Mobile applications are already becoming a requirement for ERP vendors and that won't change in 2011, judging by recent numbers from research firm IDC.
The number of downloaded mobile applications will leap from 10.9 billion this year to 76.9 billion in 2014, and revenue will experience a greater than 60 percent compound annual growth rate in the next several years, topping $35 billion in 2014, IDC said.
Among ERP vendors, SAP stands out as betting the biggest on mobility as something that not only generates revenue, but shatters its image as a provider of monolithic ERP systems. Co-CEO Bill McDermott promised repeatedly this year that SAP will give customers the ability to get business information on "any device, any place, at any time."
The company is soon due to deliver a converged mobile middleware platform based on technology it acquired through the purchase of Sybase in June, and has already been pumping out an array of mobile applications.
The buying spree continues
Consolidation, a steadfast fact of life in the ERP industry, is going into 2011 alive and well.
One active buyer could be Infor, which has grown through a string of smaller purchases. Infor is now led by Charles Phillips, who is seen as a key player in Oracle's historic run of acquisitions.
Some rumblings have Phillips' eye on one of the ERP market's last large independents, Lawson Software. One of that company's backers is activist investor Carl Icahn, who took a stake in Lawson this year and has been expected to push for a sale.
Look for Oracle to keep buying as well, particularly in vertical markets, and don't rule out a social software acquisition by SAP.
Oracle Fusion Applications hit the market
This is it. No more "bye years" for Oracle's Fusion Applications. CEO Larry Ellison himself has promised the long-delayed software will finally debut early in 2011.

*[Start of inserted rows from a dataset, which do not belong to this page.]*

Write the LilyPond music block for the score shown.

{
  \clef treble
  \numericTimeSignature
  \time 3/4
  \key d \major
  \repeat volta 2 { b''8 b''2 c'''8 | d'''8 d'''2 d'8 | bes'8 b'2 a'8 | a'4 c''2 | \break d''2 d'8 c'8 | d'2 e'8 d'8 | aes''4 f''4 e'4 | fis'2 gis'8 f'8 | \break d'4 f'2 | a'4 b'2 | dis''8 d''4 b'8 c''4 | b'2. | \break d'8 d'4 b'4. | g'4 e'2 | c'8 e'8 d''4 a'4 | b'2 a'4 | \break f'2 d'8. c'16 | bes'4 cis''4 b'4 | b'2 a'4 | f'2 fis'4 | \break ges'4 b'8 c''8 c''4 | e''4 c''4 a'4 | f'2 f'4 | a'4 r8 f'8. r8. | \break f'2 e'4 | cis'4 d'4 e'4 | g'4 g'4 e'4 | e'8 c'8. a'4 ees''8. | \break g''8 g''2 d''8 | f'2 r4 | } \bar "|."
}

Fusion Applications are supposed to combine the best attributes of Oracle's various ERP lines into a high-powered, next-generation fleet of applications that are infused with BI (business intelligence) and available in modular form.
Oracle has been stressing that last point, both to ease the concerns of customers with no desires for forced or big-bang upgrades, as well as to set expectations for the market.

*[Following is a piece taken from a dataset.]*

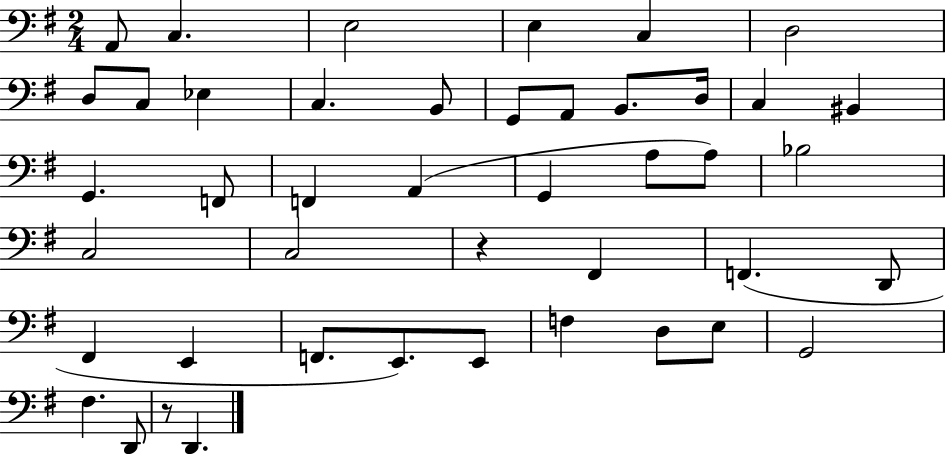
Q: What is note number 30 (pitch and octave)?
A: D2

The company still has many questions to answer about Fusion Applications as well, regarding matters such as pricing and dependencies on other Oracle software.

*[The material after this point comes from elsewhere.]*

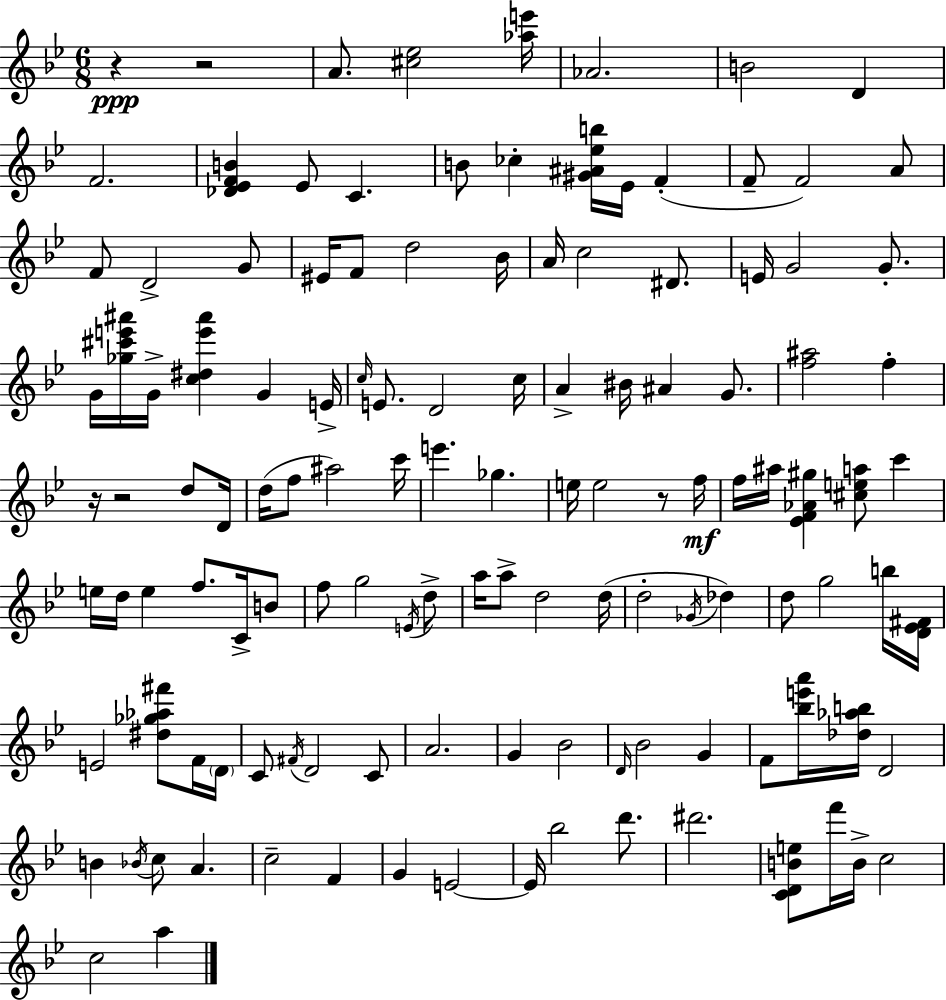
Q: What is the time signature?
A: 6/8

Some are also wondering if Oracle will deliver Fusion software pre-loaded on a hardware appliance like its Exalogic Elastic Cloud.
Overall, indications are that Fusion Applications will arrive with considerable fanfare, but Oracle will take pains to roll them out deliberately.
Microsoft Dynamics starts making serious waves
While Microsoft's Dynamics ERP products have typically taken a back seat, publicity-wise, to its ubiquitous Office and SharePoint software, its fortunes could change next year.
For one, Dynamics boss Kirill Tatarinov is now reporting directly to Steve Ballmer, as analyst Josh Greenbaum noted in a recent blog.
Ballmer is interested in Dynamics because of three things, one of which is "product pull-through," Greenbaum said. "Today, every dollar of Dynamics generates from $3 to $9 in additional software sales for Microsoft. Now that's what I call a stack sale."
In addition, the Dynamics channel has a good handle on Microsoft's strategy for Azure, its cloud platform, according to Greenbaum.
"It's clear that the value-add of Azure has to be about driving innovation into the enterprise, and that's not something the average Office or Windows developer really gets. But Dynamics partners live and breath this concept every day," he wrote.
Third, Dynamics itself will help Azure grow and innovate, Greenbaum contends. "While SQL Server, Sharepoint, Communications Server, Windows Server, and other pieces of the stack will have a big play in Azure, the customer working in that innovative new Azure app will most likely be directly interfacing a piece of AX, or Dynamics CRM. That makes Dynamics essential to Azure, and vice versa."